日本地球惑星科学連合2019年大会

講演情報

[J] 口頭発表

セッション記号 G (教育・アウトリーチ) » 教育・アウトリーチ

[G-02] 地球惑星科学のアウトリーチ

2019年5月26日(日) 09:00 〜 10:30 103 (1F)

コンビーナ:植木 岳雪(千葉科学大学危機管理学部)、小森 次郎(帝京平成大学)、長谷川 直子(お茶の水女子大学)、大木 聖子(慶應義塾大学 環境情報学部)、座長:大木 聖子

09:00 〜 09:15

[G02-01] 一般書にみる地理学のアウトリーチ

*長谷川 直子1中川 優希1 (1.お茶の水女子大学)

キーワード:アウトリーチ、地理学、一般書

1. はじめに/研究目的・方法

 地理学のアウトリーチを進める一つの手段として、一般向け書籍の刊行が挙げられる。森(2018)では、出版売り上げデータを用いて、歴史と比較して地理学関連書籍の点数も売り上げも少ないこと、読者は中高年男性に偏っていること、書店の棚に地理コーナーがないことなどを明らかにしている。本研究では、この森(2018)をベースにして、どのような属性の人がどのような下位分野の本を執筆しているのかについて、傾向分析を行った。用いたデータは森(2018)で使用された地理学関連書籍80点である。これらの執筆者を研究者、中高教員・塾講師、専業ライター、兼業ライター(地図関係職か否か)、編著のカテゴリに分類した。その結果を森(2018)で分類されている本のカテゴリとクロス集計を行った。



. 結果・考察 

 研究者の執筆は地学系(自然地理学が含まれる)が最も多く、ついで地理一般となっており、散歩系と地図関連は少ない。これは地学の研究者が地学の内容で一般向けの解説書を書いているものが多いことを反映していると思われる。次に中高教員・塾講師の執筆は、地理一般にほぼ集中している。これは、大学入試の地理が意識され、その内容を網羅する形での執筆が多いことを反映していると思われる。兼業ライター(地理以外)は地形散歩にほぼ集中し、兼業ライター(地理関連)は散歩と地図関連に多い。また兼業ライターは地理一般や地学系を全く執筆していない。これは、地理関連職のライターはその仕事で培った専門性を活かした形での執筆の傾向があることを反映し、地理と関係ない職に就く兼業ライターは職と関係なく趣味で地形散歩などを行ってきたものを書籍化したものが多いと考えられる。専業ライターは兼業ライターと同じく、地理一般や地学系は少なく、散歩系や地図関連が多い。編著は地形散歩が多いが、9点中8点はブラタモリシリーズとなっており、そのほかでは地理一般が多い。以上の結果より、著者の属性により執筆される本の分野に傾向があることがわかる。

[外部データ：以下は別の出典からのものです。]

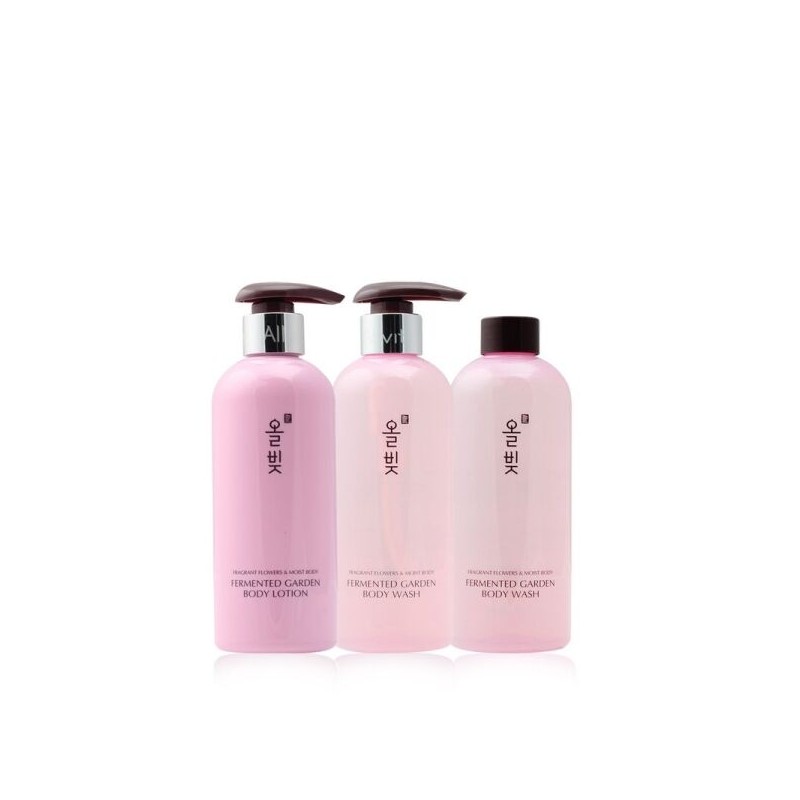 Olbit Fermented Garden Body Wash + Body Lotion 2-Piece Special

 また、地理学界からのアウトリーチとして研究者属性に着目すると、17点中10点が地学系で、5点が地理一般となっている。森(2018)による書籍の分類は自然地理学・人文地理学という分類を用いていない。自然地理学を地学系と解釈できても、人文地理学がどこに入るのかが難しいが、いずれにしても自然地理学と比較して人文地理学の書籍のほうが少ない傾向は読み取れる。また研究者による散歩系、地図関連はほぼない。

 

. 今後の展望と課題

 以上のことから、研究者による人文地理系一般書、散歩系一般書、地図関連一般書が手薄となっているため、これらの一般書を出していくことが空白地帯を埋めることになるだろう。例えばE-journal GEOに新たに創設された「地理紀行」カテゴリは、一般向けのアウトリーチを意識した趣旨のように思われるが、ここに投稿された論文をカテゴリでまとめて書籍化するようなことも考えられるだろう。大学で行っている巡検の内容を書籍化すれば、散歩系になるものもあるだろう。GISなどの技術を用いた地図系書籍も可能であろう。さらには、研究者とライターがコラボして空白地帯を埋めるやりかたもあるかもしれない。また森(2018)によると読者が中高年男性に偏っているということなので、それ以外の年齢・性別層にアプローチできる形を模索することも重要課題と考えられる。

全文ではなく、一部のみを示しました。